On a similar note, I don't know what you intend by liability transformation but your Sally/Joe example is textbook liquidity transformation. I'm skeptical our economy could function nearly as well without this service for moving money from savers to builders/creators/businesses/owners. That said, it is true that computers have made it increasingly easier to match lenders and borrowers so maybe it's not as important as it once was.

Issue 2

"My inclination is to attribute the government’s role in fostering inflation to all of government debt, rather than narrow money. "

MV=PT, M = Money Supply, V= Velocity of circulation, P= Price Level and T = Transactions.
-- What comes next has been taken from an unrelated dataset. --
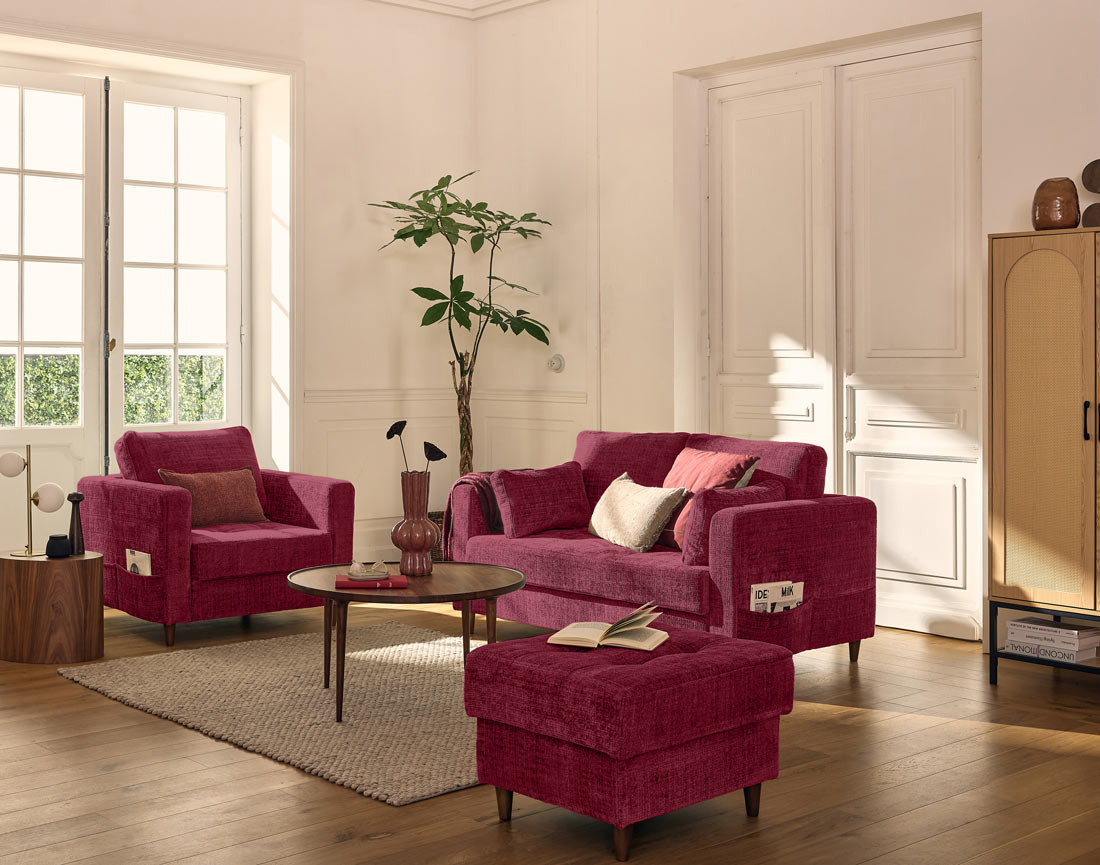 Canapé droit 2 places avec poche en velours texturé Anna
Government debt isn't really the problem. It is a question of how the debt is financed. Debt that is entirely financed by bonds bought by US entities only increases V on the left side. When debt is financed by foreign funds and especially when by QE it also increases M. (Note: During and after the Great Recession, QE did little to increase V in part because banks mostly parked their money at the Fed. When govt spending jumped during the pandemic, V (and M?) increased.)

M1 used to be a good measure of M, or they at least moved in tandem. As you say, M1 no longer is as good and isn't used. That doesn't mean M is no longer important. It is just much harder to measure.